<<<<
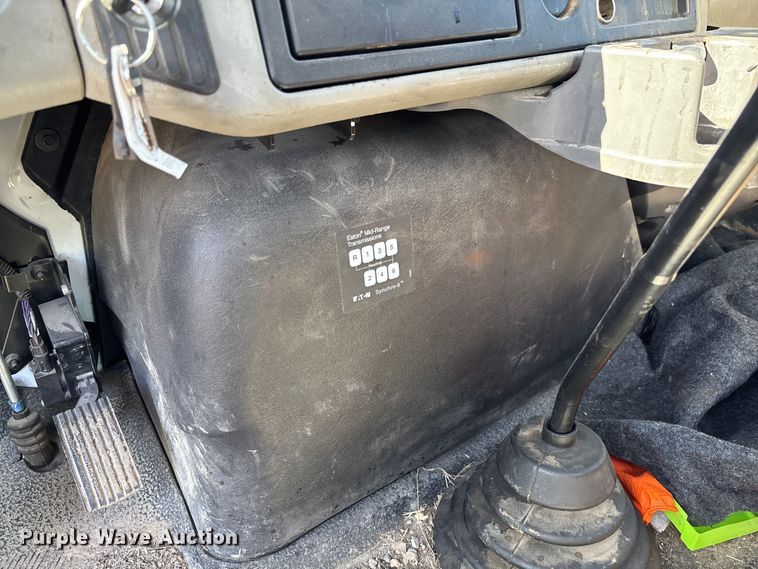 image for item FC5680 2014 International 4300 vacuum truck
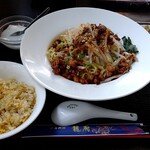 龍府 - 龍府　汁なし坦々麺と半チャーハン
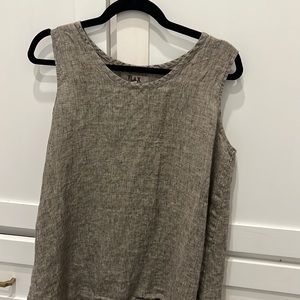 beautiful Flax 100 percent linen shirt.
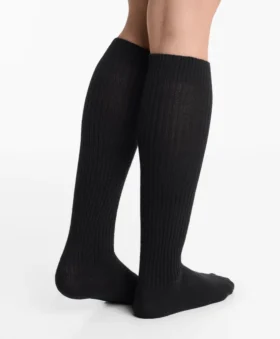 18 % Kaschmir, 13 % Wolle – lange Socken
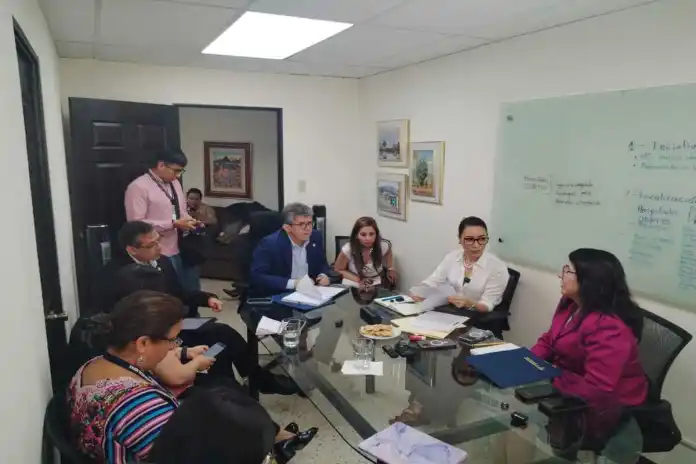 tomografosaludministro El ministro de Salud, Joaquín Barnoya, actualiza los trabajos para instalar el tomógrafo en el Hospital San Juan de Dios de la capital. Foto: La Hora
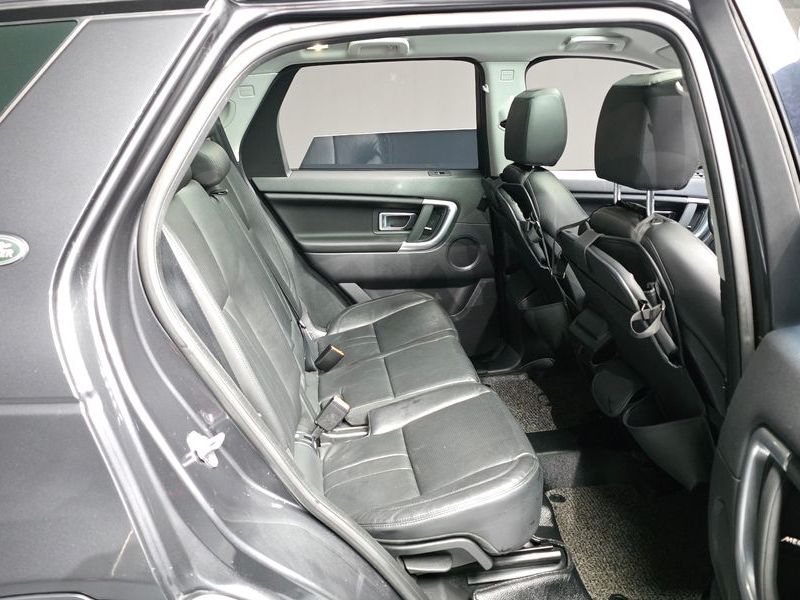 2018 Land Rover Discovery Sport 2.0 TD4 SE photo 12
>>>>
EXERCISE OBJECTIVE
The reply must match the records exactly, apart from the pictures, which are left out.

YOUR SOLUTION
 image for item FC5680 2014 International 4300 vacuum truck
 龍府 - 龍府　汁なし坦々麺と半チャーハン
 beautiful Flax 100 percent linen shirt.
 18 % Kaschmir, 13 % Wolle – lange Socken
 tomografosaludministro El ministro de Salud, Joaquín Barnoya, actualiza los trabajos para instalar el tomógrafo en el Hospital San Juan de Dios de la capital. Foto: La Hora
 2018 Land Rover Discovery Sport 2.0 TD4 SE photo 12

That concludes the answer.